Mean Satisfaction Levels by Source Country (Likert Scale, 1-5).
Composed of the following countries: Finland, Sweden, Norway, and Denmark.
The disclosure of the overall satisfaction level into the various components of the tourist destination experience also presents some variations across tourists from different source countries. Tourists from Spain experience highest satisfaction for all attributes evaluated, while tourists from Germany experience lowest satisfaction for all attributes but for the weather and the accommodation services. The weather is in general the most valued attribute by all source countries while landscape is the least valued attribute for tourists from Germany, the UK, the Nordic countries, and others. For tourists from Spain, the least valued attribute is the amount and diversity of leisure activities.
Therefore, it is clear that there might be some significant differences in the way that tourists assess their satisfaction from the various attributes and characteristics of the tourist destination that are also reflected in the overall satisfaction derived from their holidays.
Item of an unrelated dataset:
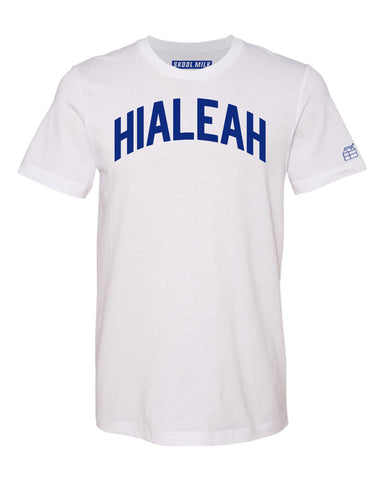 White Hialeah Miami T-shirt w/ Blue Reflective Letters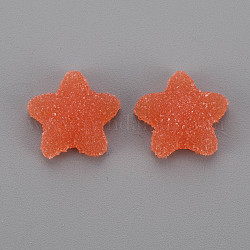 Cabochons transparents en résine époxy, étoiles du nord, rouge-orange, 17.5x18x6mm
The question raised in this study is to what extent tourists from different groups or nationalities might be using different scales when assessing their satisfaction from the destination and from the various attributes of the tourist destination.
Testing Response Style Using Vignettes
There is a need to get more information about the differences in measuring satisfaction evaluation by tourists from different source countries. Table 2 presents the results of the mean assessments of the satisfaction levels that tourists expect from the subjects described in the vignettes for the various aspects of the tourist destination. Each tourist was posed with three alternative vignettes for each dimension of the holiday destination that are expected to reflect extreme points of low and high satisfaction according to a tourist’s judgment.
Average Satisfaction for Vignettes Sets by Country (This Allow Us to Test Potential Scale Perception Bias).
Note: For the sake of simplicity, and the low range of values that they take, standard deviations are not reported in this table. All values for this statistic lie in a range between 1.16 and 1.89.
Composed of the following countries: Finland, Sweden, Norway, and Denmark.
As can be seen in Table 2, tourists produced coherent rankings of the vignettes for each of the dimensions, since the mean value for the vignettes representing the subject with lower satisfaction was always lower than the mean value for the vignettes representing the subject with the higher satisfaction. Vignette equivalence requires that tourists’ responses be consistent with the ordering represented by the vignettes (Rice, Robone, and Smith 2010). The results seem to indicate that tourists consistently understood the scale represented by the vignettes. That is, tourists understood that there were different levels of satisfaction described by the vignettes, since the mean values of the satisfaction levels for the vignettes in each domain are ordered according to levels described by the vignettes. However, since the mean values of the vignette assessments are different between source countries, it implies that there might be differences in the response scales utilized by tourists.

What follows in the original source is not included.